There are a number of questions about this that are left unanswered. I would want to know why the job seeker’s firm was the underdog. I would like to know how the size of this project fit with the typical sales at this firm. I would like to understand the issues that were overcome and how the job seeker did this. Answering these questions in a resume could be difficult. I expect that the text would be long… too long to be effective. Leaving this information out was a good call. The accomplishment peaks the interest to learn more. This is the goal of a resume: get the reader to want to talk to the job seeker.
New Concept
Presented and sold this new concept technology to gain substantial acceptance with <list of six customers>. I worked intimately with nearly 100 <end-users of the product> throughout <metro area>.
This bullet was a stand-alone accomplishment. The presentation did not make it clear what the “new concept” was. The confusion resulted from the order of the information. There wasn’t a specific line defining the “new concept technology” and the descriptions of technologies were not immediate preceding the bullet.

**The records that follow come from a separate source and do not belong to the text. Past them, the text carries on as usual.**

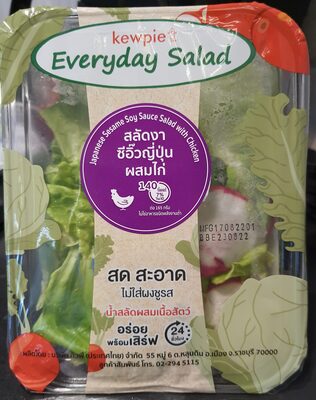 สลัดงาซีอิ้วญี่ปุ่นผสมไก่
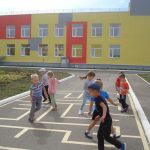 По тропе здоровья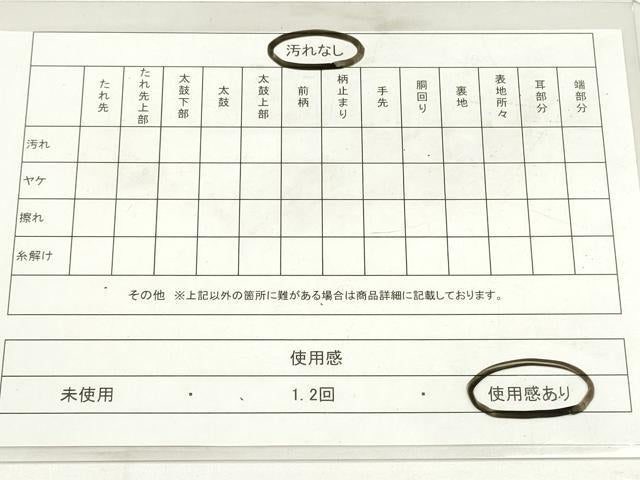 平和屋着物◎両面 六通柄袋帯 流水花文 黒地 金銀糸 正絹 逸品 DAAV2350xg
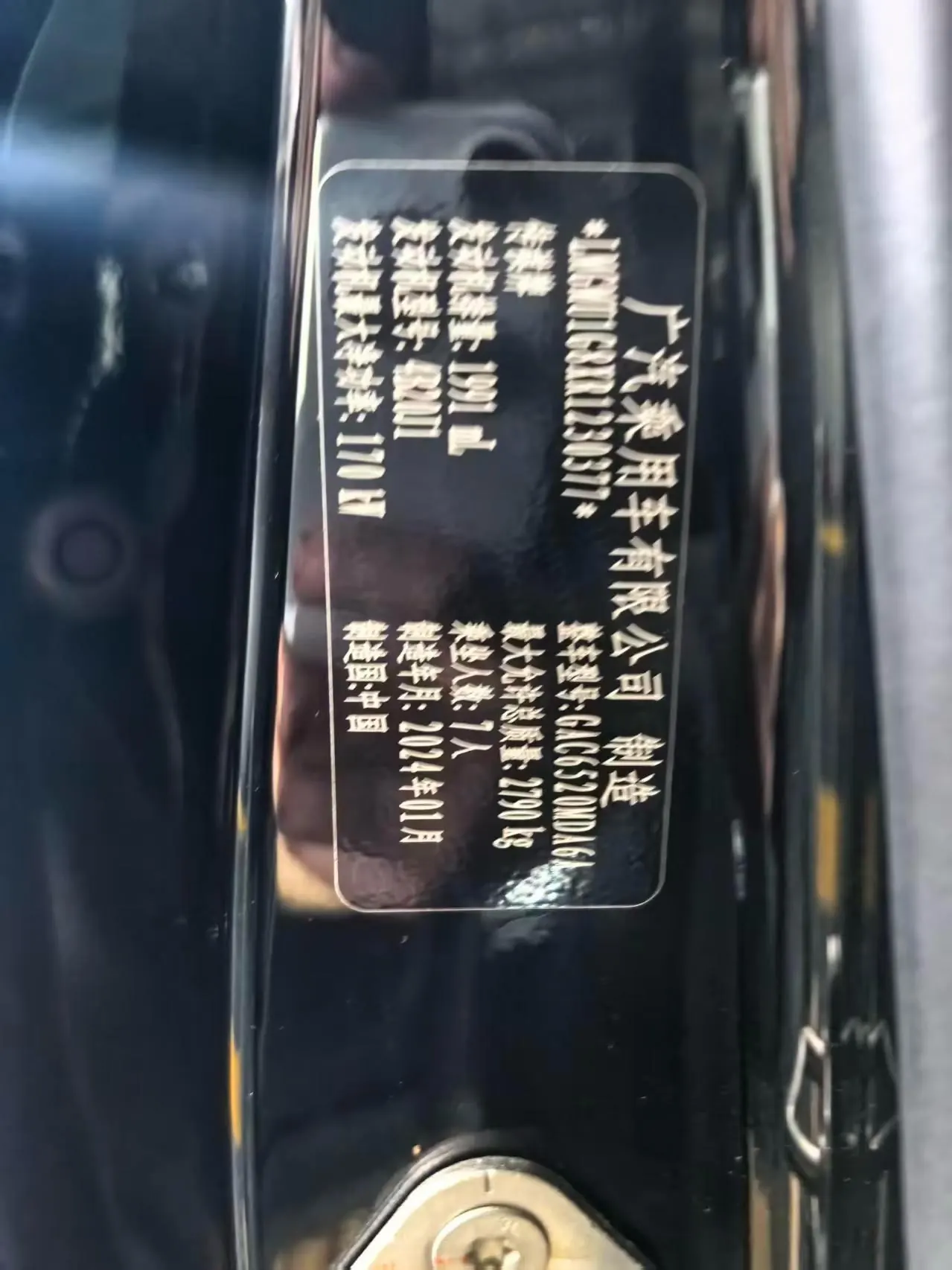 GAC Trumpchi 2024 M8 2.0T 400T Grandmaster Series Supreme‑Grade Automatic 10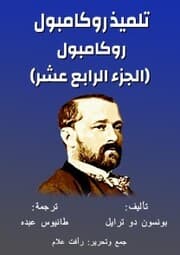 Cover von Rocampol - Rocampol student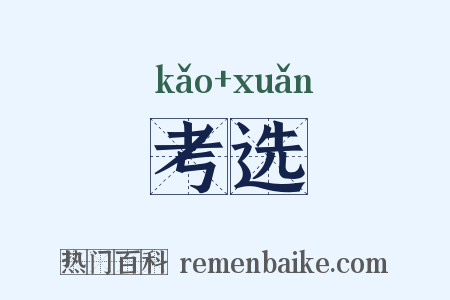 考选是什么意思的图片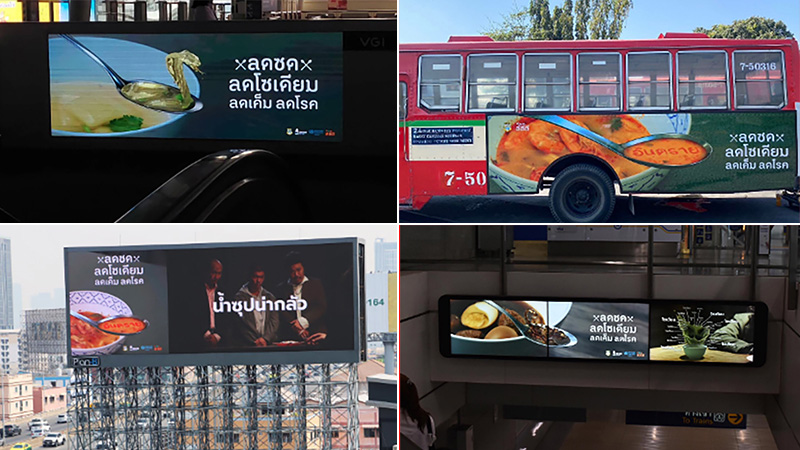 ลดซด ลดโซเดียม ลดเค็ม ลดโรค ลดซด ลดโซเดียม ลดเค็ม ลดโรค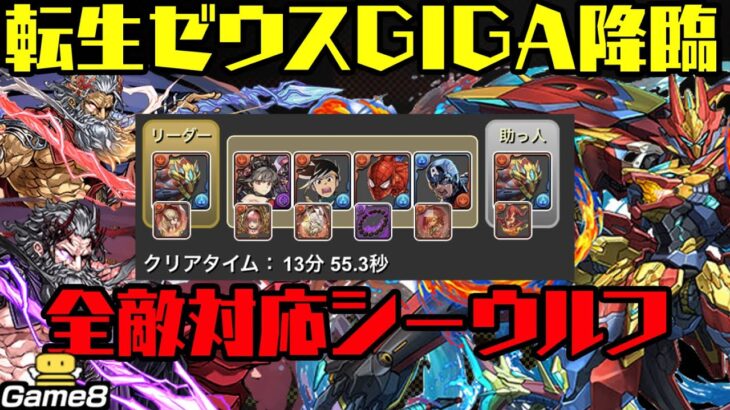 【パズドラ】転生ゼウスGIGA降臨を快適周回！全敵対応シーウルフで希石集め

The second problem with the bullet results from the lack of scope. I don’t know what the job seeker considers substantial acceptance. The bullet doesn’t show the sales volume, the performance relative to goals or if the rollout was considered successful. Without more detail, this accomplishment is unlikely to make much of an impression.
Got Hired
One of five consultants hired from over 500 applicants for the marketing team.
This is a waste of space on a resume. It is very common that a company will screen in excess of 100 people for each hire. Even worse, this bullet says nothing about the success of the job seeker. The only thing it indicates is that the job seeker was hired in the past… not exactly earth shattering information. Focus on specific performance results, not getting hired.
Ranking
Currently ranked 12 out of 90 representatives in the Western region
I like rankings on a resume. They give a context for the job seeker’s performance. To rank 12th out of 90, it is likely the job seeker performed well. It isn’t guaranteed, though. There may be variations between territories or other factors that cause comparisons to be unreliable. Despite this, a bullet with your rank relative to peers is good to have on a resume.
Make sure you include other accomplishments in addition to rankings. A resume that just lists sales rankings, with no details of how the rankings were achieved is very forgettable. A good tactic is to provide ranking bullets with a couple bullets that show specific examples of your success. Including both types of accomplishments can make an impressive presentation.